Just now we’re dressing wounds – coral cuts on feet and ugly burns from the blister beetles, a flying cockroach-shaped beast that is attracted by smoke and releases a highly caustic, inflammatory (and then infectious) substance when squashed or smitten. Once done, we plan to jog around our clearing or perhaps use our jump-ropes: dune running is too strenuous for us just now, besides which it accelerates dune erosion.[Remember: marathoner parents!] As you may divine, we are slowly succumbing to tropical lassitudinitis. Fortunately there is no excess of either dainty snacks nor alcohol, so we hope to avoid the otherwise inevitable tropical belly. We do have one bottle of rum along, for medicinal purposes, of course, and will use it this evening as an excuse for some kind of rum punch.
Just back from a 5 hour search that produced no goats, but, as usual, no small number of other sights. First, a green turtle hatchling that was headed into the sand. We turned it surfward a meter from the water and watched it swim off, hoping it would avoid the large shark which was patrolling the beach. Next was some feces that was from a carnivore, confirming fears that a beast we’d spied earlier might have been a dog. The last sighting was two years ago, so we’d hoped none remained. Then, while standing on a ledge overhanging the water, we watched two large rays, white spots on their sleek black wings, cavort, like playful aquatic butterflies. Probably they were mating, or do rays play? Graceful creatures, for sure. [Nice to see some of that awe still flowing.] Finally, we watched a trio of giant green turtles, 10-15 meters off-shore, two of them copulating while the third tried to intervene. A miracle that the female did not drown. We held our breaths in sympathy. [:) ]

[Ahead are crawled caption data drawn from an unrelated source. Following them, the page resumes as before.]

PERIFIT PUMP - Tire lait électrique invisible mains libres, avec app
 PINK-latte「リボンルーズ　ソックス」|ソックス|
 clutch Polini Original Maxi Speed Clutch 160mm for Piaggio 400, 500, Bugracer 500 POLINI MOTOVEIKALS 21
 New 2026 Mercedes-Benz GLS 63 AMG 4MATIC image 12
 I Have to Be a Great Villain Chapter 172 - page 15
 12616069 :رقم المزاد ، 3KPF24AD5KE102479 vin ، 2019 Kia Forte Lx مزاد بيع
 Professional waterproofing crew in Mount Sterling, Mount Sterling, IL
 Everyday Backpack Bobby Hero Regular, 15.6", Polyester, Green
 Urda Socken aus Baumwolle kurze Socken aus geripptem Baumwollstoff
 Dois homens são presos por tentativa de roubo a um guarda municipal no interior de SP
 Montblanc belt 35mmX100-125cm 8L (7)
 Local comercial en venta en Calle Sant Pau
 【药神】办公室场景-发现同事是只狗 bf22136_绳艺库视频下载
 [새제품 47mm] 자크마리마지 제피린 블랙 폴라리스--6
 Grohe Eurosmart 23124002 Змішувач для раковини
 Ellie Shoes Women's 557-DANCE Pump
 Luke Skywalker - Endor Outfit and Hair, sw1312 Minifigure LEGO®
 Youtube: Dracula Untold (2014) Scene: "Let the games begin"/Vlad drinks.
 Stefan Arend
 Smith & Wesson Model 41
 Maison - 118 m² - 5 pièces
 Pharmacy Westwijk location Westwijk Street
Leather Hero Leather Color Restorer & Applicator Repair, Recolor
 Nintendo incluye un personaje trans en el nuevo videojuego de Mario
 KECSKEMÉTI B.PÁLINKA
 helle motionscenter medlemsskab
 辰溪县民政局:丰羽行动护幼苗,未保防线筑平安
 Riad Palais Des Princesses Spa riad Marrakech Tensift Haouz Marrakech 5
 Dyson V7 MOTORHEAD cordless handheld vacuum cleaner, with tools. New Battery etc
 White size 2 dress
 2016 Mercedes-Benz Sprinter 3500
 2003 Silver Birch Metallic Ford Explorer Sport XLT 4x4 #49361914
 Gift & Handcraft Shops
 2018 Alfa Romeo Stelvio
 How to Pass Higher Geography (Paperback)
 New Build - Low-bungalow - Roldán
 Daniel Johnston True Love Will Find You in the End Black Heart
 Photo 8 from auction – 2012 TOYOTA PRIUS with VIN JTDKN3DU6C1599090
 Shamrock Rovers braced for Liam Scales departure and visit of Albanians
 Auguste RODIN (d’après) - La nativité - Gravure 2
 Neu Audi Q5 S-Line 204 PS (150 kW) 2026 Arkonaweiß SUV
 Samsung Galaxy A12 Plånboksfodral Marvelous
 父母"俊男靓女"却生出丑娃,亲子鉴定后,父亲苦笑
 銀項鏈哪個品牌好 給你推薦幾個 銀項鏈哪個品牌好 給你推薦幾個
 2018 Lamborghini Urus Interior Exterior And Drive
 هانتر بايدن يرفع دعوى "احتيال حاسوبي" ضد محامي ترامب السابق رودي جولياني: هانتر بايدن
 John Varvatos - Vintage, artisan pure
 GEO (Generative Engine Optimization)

Supper now, and, late as it is, to bed after. No New Year celebration this year, but, then, we’ve not stayed up until midnight for a quite a few years. Happy New Year. 
Today has been a maximally lazy one. Our plans to beat the bushes for goats were shelved when M.’s morning watch from our tower was rewarded with a sighting of one of Meg’s herds. Rather than risk spooking them, we elected to see if they were back to stay, a decision reinforced by the excessive heat.
The sky is cloudless and this year’s rainy season has yet to materialize…That means no fresh water bathing, and drinks are foul-tasting, even when disguised with tannins, caffeine and alcohol. Bathing is also discouraged by the blazing sun as M. has a badly blistered bottom: it was unaccustomed to exposure (P. had passed through the blistered stage earlier).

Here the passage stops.